*The data*.
++++++
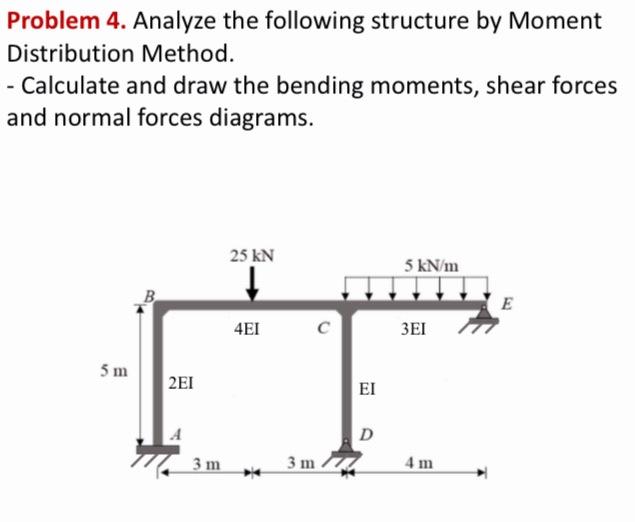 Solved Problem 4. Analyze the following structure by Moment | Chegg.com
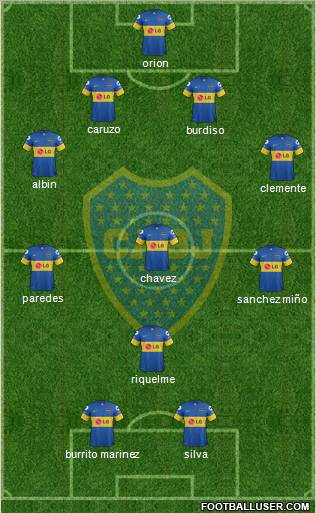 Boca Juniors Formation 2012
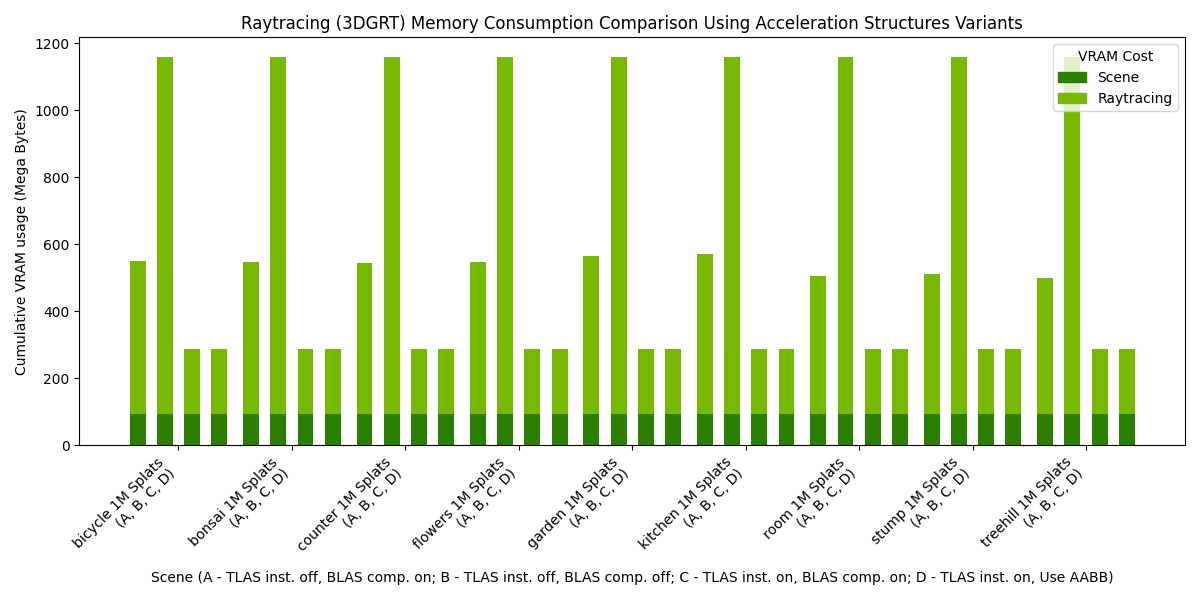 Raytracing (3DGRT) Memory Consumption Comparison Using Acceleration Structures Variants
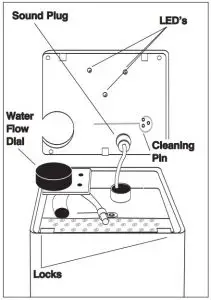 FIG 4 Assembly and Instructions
++++++
*Assignment*.
The listing above must be given again exactly, minus its pictures.

*Expected output*.
 Solved Problem 4. Analyze the following structure by Moment | Chegg.com
 Boca Juniors Formation 2012
 Raytracing (3DGRT) Memory Consumption Comparison Using Acceleration Structures Variants
 FIG 4 Assembly and Instructions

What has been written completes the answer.